For almost 100 years now, radio has been an important part of our media landscape. It spreads news and information, music, sound art or literature and has inspired a broad variety of experimental approaches. Unfortunately, many programs fall into oblivion once aired, as there so far had been no comprehensive archive accessible to the public. The exhibition “Radiophonic Spaces” grants access to this heritage in an intuitive, immersive way.
The scientific basis was created as part of a research project at Bauhaus-Universität Weimar under the artistic direction of Nathalie Singer, Chair of Experimental Radio. A team of radio researchers, musicologists, editors, critics, and artists from the most varied of contexts and disciplines selected over 200 works of radio art and arranged them in 13 narratives. In this way, new thematic connections could be drawn between pieces of different artists and genres as well as places and times of origin. The result is a kaleidoscopic overview of the development of radio art.
To make this cultural wealth tangible and turn it into a spatial experience, the team partnered with the artist, architect and musician Cevdet Erek. Together, they developed the scenographic concept for an interactive walk-in archive. MESO was commissioned with the interaction concept and digital design as well as technical planning and implementation.
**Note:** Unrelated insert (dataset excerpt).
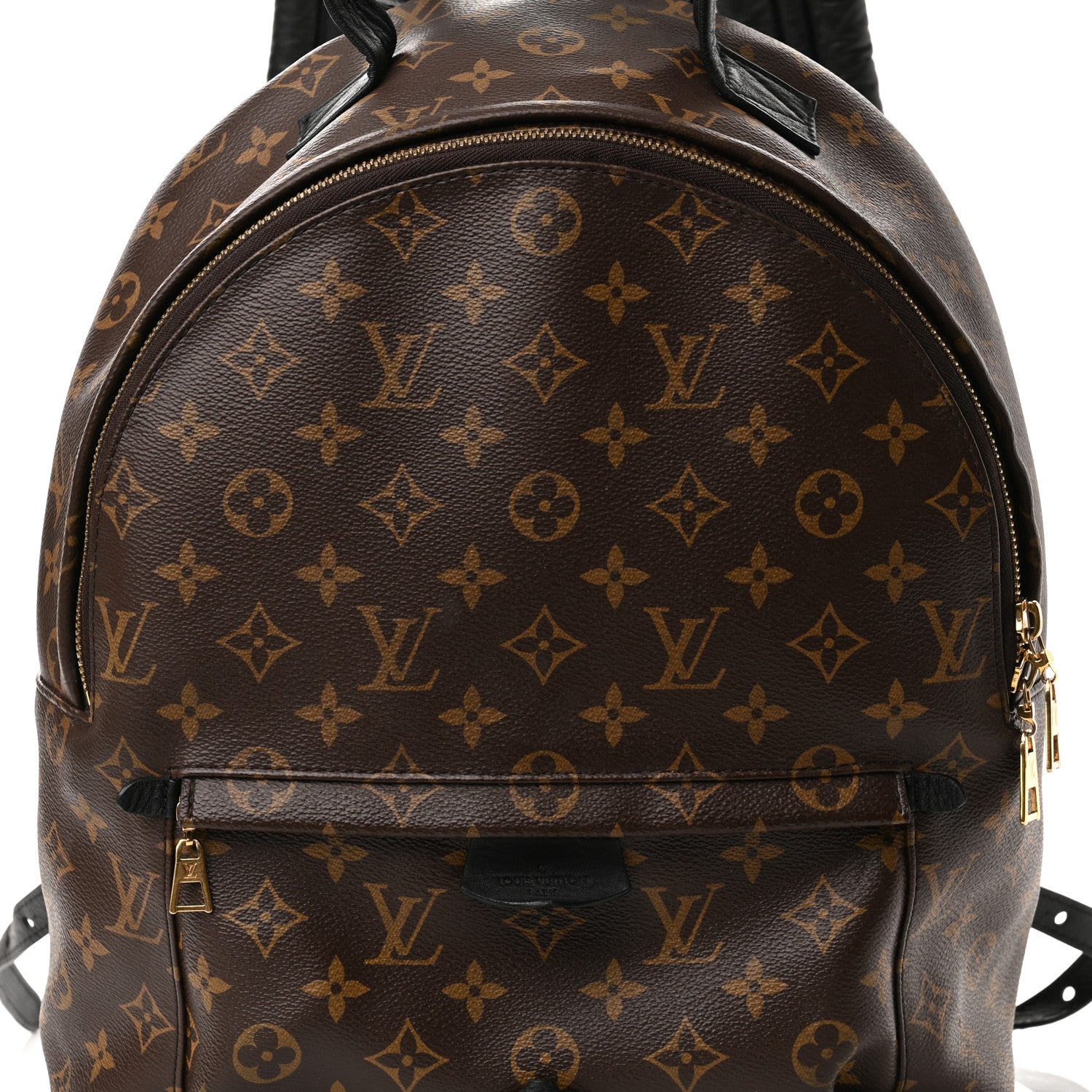 Louis Vuitton Monogram Palm Springs Backpack MM 7 of 12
The key idea of “Radiophonic Spaces” is enabling the exploration of radio history through sound, with visual information only being an add-on. To guarantee an undisturbed and intuitive visitor experience, there is no linear exhibition parcours. Instead, the walk-in archive invites visitors to trust their ears and find their own path through the space.
This is achieved by turning them into “human tuning needles” within a carefully designed scenography. Suspended from a rope system criss-crossing beneath the ceiling are custom-built transmitter stations. 13 different radio art snippets are assigned to each transmitter station, one from each narrative. On entering the exhibition, visitors are equipped with a handheld and headphones. A wifi-based tracking system developed by MESO constantly determines everyone’s individual position within the exhibition space. As visitors approach the transmitter stations, atmospheric noise turns into the snippets of radio art. The interface on the handheld can be used to switch through the narratives and trigger the corresponding snippets. If a person lingers in one spot to listen to an entire snippet, it gets archived in his or her digital library making the piece of radio art accessible in full length later on.
Media stations function as an interactive on-site research tool. They connect to the handheld and make the library of “collected” audio snippets visually accessible. An interface drawing inspiration from a star chart not only offers background information and extensive media content to all radio art pieces, it also illustrates connections between different works, artists, radio stations or places. Here, visitors can expand their intuitive auditive experience by methodically searching this unique archive. In this way, “Radiophonic Spaces” addresses experts as well as promoting this form of art among the general public.

“Radiophonic Spaces” was exhibited at Museum Tinguely, Basel and Haus der Kulturen der Welt, Berlin. It is currently on show at Bauhaus-Universität Weimar until 19 September 2019.
An accompanying website which allows further research from any location is being developed by Bauhaus-Universität Weimar and MESO.